*WHAT IS REQUIRED*
Please return, with no alterations, the lines below from the very first through the one that contains "MILLIE-1 FRINGE BOOTS W/ HEEL".

*DATA RECORDS*
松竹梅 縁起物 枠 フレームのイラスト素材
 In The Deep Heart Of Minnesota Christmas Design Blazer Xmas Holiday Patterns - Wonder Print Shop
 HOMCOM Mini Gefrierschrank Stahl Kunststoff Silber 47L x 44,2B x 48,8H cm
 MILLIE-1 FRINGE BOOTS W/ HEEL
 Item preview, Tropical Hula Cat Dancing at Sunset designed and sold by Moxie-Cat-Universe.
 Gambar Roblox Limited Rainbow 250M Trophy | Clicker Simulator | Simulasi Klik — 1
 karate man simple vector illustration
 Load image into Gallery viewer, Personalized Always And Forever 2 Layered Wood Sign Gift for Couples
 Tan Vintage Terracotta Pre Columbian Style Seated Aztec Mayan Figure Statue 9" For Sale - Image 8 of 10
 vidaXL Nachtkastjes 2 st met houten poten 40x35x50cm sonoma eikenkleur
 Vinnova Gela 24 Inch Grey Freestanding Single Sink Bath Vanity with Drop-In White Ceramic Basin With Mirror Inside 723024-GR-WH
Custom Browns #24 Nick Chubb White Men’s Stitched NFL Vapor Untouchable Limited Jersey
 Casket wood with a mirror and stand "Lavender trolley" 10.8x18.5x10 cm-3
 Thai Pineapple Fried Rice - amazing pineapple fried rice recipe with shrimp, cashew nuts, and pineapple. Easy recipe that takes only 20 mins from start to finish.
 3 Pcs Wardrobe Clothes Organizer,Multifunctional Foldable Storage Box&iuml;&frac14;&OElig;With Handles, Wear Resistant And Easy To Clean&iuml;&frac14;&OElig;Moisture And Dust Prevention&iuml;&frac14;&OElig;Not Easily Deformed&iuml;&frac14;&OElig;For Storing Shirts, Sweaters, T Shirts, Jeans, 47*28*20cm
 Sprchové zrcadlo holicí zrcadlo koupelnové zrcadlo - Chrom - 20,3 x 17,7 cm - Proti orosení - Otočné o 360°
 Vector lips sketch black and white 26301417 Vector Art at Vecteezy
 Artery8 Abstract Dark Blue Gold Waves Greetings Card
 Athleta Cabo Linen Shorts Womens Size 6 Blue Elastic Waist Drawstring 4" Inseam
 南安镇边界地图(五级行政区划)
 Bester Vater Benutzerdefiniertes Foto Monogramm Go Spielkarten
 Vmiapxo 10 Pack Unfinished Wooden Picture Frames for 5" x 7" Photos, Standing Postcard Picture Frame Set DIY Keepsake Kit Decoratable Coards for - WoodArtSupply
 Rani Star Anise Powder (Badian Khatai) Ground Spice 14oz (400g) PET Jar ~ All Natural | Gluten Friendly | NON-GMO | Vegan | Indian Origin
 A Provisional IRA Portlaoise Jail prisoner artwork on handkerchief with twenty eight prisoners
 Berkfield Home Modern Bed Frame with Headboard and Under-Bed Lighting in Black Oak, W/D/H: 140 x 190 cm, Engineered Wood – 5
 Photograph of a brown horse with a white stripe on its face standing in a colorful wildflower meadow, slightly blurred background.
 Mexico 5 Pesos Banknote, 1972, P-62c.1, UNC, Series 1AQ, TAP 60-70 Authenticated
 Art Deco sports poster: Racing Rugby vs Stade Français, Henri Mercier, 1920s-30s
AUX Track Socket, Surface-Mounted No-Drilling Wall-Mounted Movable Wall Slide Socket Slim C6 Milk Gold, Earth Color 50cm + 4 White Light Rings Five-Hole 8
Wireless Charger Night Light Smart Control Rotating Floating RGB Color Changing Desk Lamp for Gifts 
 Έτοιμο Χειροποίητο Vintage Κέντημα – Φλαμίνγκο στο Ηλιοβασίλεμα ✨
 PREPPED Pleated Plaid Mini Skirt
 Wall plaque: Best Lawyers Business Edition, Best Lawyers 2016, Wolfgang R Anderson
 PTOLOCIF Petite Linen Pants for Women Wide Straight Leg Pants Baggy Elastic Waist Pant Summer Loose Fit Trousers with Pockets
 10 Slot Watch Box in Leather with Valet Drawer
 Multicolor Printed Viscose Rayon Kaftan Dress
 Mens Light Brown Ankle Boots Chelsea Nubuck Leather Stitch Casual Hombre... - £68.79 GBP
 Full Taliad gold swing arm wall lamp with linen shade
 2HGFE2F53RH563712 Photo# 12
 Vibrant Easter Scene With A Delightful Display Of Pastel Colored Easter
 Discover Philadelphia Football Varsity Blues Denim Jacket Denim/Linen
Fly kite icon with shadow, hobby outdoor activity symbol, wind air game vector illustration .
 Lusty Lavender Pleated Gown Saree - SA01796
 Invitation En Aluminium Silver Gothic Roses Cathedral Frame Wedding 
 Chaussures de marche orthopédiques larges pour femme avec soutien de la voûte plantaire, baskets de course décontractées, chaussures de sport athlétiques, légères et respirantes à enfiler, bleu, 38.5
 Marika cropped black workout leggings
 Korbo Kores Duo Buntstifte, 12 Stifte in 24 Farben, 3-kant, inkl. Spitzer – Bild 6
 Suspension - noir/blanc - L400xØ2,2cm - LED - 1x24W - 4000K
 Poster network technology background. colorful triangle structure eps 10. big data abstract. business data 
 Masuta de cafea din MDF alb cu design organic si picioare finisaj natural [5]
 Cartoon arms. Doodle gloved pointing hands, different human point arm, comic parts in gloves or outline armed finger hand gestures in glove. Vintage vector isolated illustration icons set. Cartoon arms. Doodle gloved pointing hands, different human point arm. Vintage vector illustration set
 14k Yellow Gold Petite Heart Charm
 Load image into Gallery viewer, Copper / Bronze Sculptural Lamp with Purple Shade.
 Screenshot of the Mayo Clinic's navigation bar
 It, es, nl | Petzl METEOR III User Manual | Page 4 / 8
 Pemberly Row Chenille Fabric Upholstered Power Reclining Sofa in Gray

*RESPONSE BOX*
松竹梅 縁起物 枠 フレームのイラスト素材
 In The Deep Heart Of Minnesota Christmas Design Blazer Xmas Holiday Patterns - Wonder Print Shop
 HOMCOM Mini Gefrierschrank Stahl Kunststoff Silber 47L x 44,2B x 48,8H cm
 MILLIE-1 FRINGE BOOTS W/ HEEL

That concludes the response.